## INSTRUCTIONS FOR THE TASK
Transcribe the full listing exactly.

## PROVIDED MATERIAL
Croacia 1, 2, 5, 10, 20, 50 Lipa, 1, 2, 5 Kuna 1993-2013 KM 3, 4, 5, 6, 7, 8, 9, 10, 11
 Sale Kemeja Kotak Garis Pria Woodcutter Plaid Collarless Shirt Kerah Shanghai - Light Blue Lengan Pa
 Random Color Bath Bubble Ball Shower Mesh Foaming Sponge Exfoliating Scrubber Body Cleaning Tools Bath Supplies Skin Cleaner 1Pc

## YOUR RESPONSE
Croacia 1, 2, 5, 10, 20, 50 Lipa, 1, 2, 5 Kuna 1993-2013 KM 3, 4, 5, 6, 7, 8, 9, 10, 11
 Sale Kemeja Kotak Garis Pria Woodcutter Plaid Collarless Shirt Kerah Shanghai - Light Blue Lengan Pa
 Random Color Bath Bubble Ball Shower Mesh Foaming Sponge Exfoliating Scrubber Body Cleaning Tools Bath Supplies Skin Cleaner 1Pc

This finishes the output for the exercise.